DEPT FOR AF/SPG, AF SE WILLIAMSON 
ADDIS ABABA FOR USAU 
DEPT PLS PASS USAID FOR AFR/SUDAN 
 
SENSITIVE 
SIPDIS 
 
E.O. 12958: N/A 
TAGS: PGOV PREL KPKO UNSC SU
SUBJECT: COURTESY CALL ON CIRINO HITENG 
 
1. (SBU) CG Datta paid a courtesy call January 22 on Cirino Hiteng, 
a prominent player in the SPLM and Undersecretary in the Ministry of 
Regional Cooperation. Topics covered ranged from Eritrean-Ethiopian 
border tensions to the CPA. 
 
2. (SBU) Dr.
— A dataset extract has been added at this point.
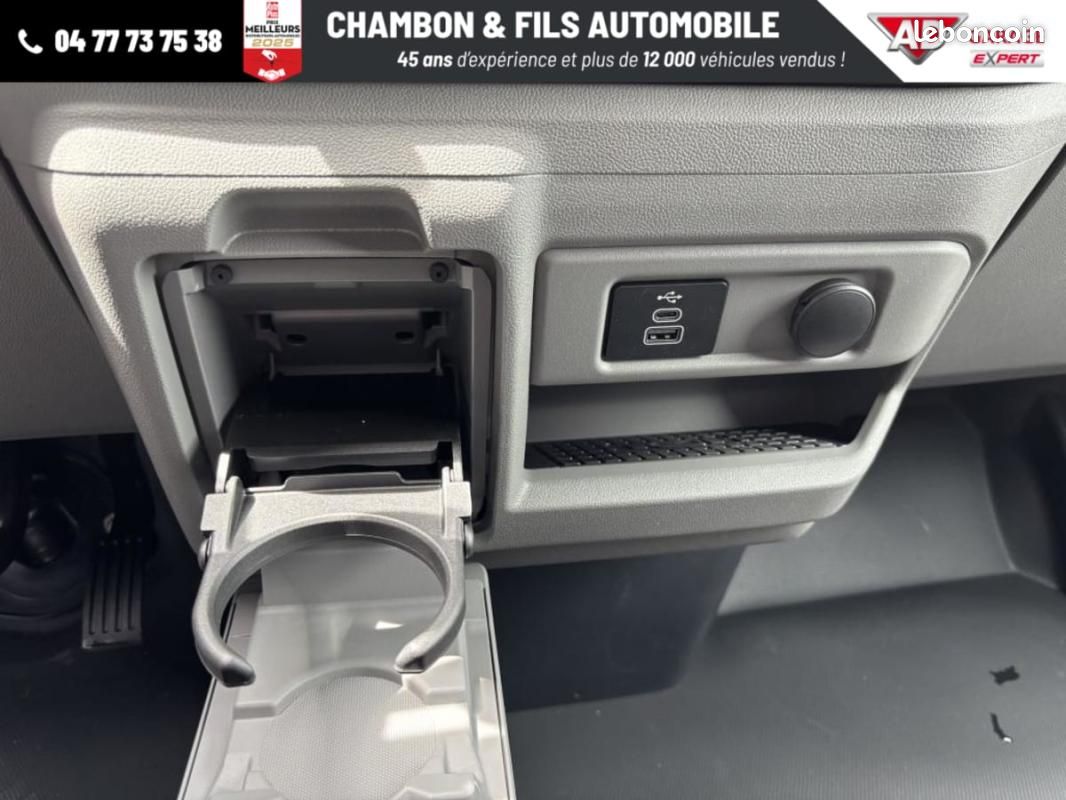 Ford Transit Custom FOURGON 320 L2H1 2.0 ECOBLUE 170 CH BVA8 LIMITED Prix: 35825 HT (image 19)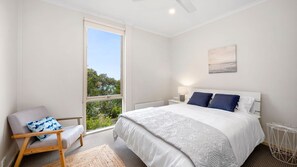 4 bedrooms, WiFi, bed sheets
Cirino led off by commenting that a senior delegation 
of Eritreans, identified as Yemane, Abdulla, and General Tekle, had 
just met with President Kiir.  Cirino said that Kiir was doing what 
he could to assume a prominent role in negotiating a resolution to 
the Eritrean-Ethiopian border dispute.  He said that Kiir, in his 
talks with both sides, had convinced them to accept the UN brokered 
border demarcation.  The CG, having spent three years in Eritrea, 
was surprised at this, and expressed his doubts that Meles would be 
able to accept the loss of Badme to the Eritreans, the original 
source of the conflict.  Cirino laughed and commented that he had 
been to Badme and that it was nothing worth fighting over.  The CG 
commented that he, too, had been to Badme, and while he agreed it 
was nothing worth fighting over, the symbolic political value of it 
for both sides had sparked the conflict, which had so far cost an 
estimated 100,000 lives. 
 
3. (SBU) Cirino said that the Eritreans were deeply unhappy that the 
border demarcation was costing them in excess of 200 square miles of 
territory they also thought belonged to them, but that Kiir had 
convinced them to reluctantly accept it.  He said that Kiir had also 
convinced the Ethiopians that, while they have lost Badme, 
conversely they had gained significant territory from Eritrea in the 
bargain, and that Meles could use that to save political face at 
home.  The CG expressed his continuing doubts, given how long this 
dispute has dragged on, but Cirino insisted that Kiir has told them 
to "come to Juba to make peace," and he thought they would. 
 
4. (SBU) Cirino further mentioned that Kiir had urged the Eritreans 
make their peace with the Americans.  The Eritreans, he said, 
complained to Kiir bitterly about the US and its role in the region. 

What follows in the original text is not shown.